One last thing to do. Remember the one-hot encoding we created in the beginning of this notebook? Now we have to combine those 0s and 1s into one single array in a column.

In [None]:
# creates 'target_vector' column to combine the one-hot encoding
data['target_vector'] = data.apply(lambda target: [target[diseases].values], 1).map(lambda target: target[0])

In [None]:
data.head() # check the 'target_vector' column

Great!
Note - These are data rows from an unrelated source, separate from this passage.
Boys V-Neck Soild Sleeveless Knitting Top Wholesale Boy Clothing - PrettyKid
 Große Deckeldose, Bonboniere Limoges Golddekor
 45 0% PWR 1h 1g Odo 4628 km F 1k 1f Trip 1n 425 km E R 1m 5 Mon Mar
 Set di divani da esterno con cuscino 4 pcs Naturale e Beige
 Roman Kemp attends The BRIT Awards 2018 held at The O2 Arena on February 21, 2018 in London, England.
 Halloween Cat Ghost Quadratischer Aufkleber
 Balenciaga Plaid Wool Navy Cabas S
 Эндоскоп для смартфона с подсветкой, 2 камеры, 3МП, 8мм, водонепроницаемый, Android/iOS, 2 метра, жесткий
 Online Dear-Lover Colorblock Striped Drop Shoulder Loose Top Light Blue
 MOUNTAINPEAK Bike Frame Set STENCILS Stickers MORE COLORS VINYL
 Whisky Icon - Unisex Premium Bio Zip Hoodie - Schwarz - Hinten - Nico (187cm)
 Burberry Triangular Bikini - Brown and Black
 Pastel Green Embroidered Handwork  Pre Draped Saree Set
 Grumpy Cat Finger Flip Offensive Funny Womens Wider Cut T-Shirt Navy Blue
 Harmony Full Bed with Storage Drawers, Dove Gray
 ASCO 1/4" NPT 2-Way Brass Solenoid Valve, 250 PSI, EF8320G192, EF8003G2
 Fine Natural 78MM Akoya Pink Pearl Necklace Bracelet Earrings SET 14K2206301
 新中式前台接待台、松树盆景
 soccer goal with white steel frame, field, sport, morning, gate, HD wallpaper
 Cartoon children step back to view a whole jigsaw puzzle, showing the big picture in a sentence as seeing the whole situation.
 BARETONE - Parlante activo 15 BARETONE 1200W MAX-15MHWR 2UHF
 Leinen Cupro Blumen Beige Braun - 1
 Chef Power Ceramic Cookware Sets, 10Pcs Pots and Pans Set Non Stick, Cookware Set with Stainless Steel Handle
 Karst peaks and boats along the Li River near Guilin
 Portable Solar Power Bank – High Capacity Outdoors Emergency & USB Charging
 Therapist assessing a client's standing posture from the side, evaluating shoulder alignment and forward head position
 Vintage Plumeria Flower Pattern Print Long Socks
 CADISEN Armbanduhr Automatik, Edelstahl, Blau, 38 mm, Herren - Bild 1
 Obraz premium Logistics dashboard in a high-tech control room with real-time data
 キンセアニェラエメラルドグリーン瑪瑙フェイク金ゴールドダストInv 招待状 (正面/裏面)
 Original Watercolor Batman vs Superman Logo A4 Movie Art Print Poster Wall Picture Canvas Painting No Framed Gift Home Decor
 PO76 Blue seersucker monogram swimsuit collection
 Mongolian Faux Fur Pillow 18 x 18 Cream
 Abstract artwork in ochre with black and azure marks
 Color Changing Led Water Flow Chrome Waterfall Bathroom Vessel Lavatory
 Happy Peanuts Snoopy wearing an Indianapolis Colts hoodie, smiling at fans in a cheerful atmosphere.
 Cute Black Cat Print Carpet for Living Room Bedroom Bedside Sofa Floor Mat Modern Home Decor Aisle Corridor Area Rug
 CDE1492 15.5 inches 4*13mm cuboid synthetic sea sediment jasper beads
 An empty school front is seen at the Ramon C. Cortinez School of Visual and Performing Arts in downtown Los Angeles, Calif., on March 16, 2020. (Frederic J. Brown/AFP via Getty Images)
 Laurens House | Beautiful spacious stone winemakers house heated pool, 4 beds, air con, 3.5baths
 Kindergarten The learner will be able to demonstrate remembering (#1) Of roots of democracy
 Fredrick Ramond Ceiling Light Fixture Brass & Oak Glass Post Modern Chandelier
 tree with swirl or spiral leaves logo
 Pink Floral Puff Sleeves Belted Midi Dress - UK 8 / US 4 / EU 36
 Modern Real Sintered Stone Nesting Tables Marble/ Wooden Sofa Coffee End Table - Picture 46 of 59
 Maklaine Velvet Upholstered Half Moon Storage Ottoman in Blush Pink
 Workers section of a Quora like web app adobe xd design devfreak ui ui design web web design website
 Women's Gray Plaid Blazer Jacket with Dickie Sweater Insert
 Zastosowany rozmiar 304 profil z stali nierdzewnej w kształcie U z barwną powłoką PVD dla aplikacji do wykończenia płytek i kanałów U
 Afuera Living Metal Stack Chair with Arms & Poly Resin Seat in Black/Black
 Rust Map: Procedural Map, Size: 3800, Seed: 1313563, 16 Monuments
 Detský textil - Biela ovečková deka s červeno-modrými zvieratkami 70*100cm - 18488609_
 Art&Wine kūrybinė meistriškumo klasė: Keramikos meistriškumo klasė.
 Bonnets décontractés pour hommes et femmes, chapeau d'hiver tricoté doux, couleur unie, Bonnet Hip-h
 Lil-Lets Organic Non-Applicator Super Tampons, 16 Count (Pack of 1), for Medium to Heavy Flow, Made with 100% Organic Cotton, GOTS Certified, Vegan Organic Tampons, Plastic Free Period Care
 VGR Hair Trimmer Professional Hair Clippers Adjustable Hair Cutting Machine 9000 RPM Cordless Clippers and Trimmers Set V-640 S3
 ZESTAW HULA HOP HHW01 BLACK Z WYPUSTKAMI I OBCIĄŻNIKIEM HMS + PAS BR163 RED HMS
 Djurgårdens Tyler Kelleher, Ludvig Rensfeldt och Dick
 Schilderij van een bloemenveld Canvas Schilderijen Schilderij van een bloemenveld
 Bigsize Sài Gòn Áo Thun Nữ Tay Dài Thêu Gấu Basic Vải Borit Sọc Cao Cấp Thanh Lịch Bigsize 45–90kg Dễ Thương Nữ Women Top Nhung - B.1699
Now we are ready to build the model

The data we are going to use is split into train/validation/test with split of 80/10/10 respectively.

In [None]:
# split the data into training, validation, and testing set
from sklearn.model_selection import train_test_split
# 80/10/10 split
train_set, val_set = train_test_split(data, test_size=0.1, random_state=1993)
train_set, test_set = train_test_split(train_set, test_size=0.1, random_state=1993)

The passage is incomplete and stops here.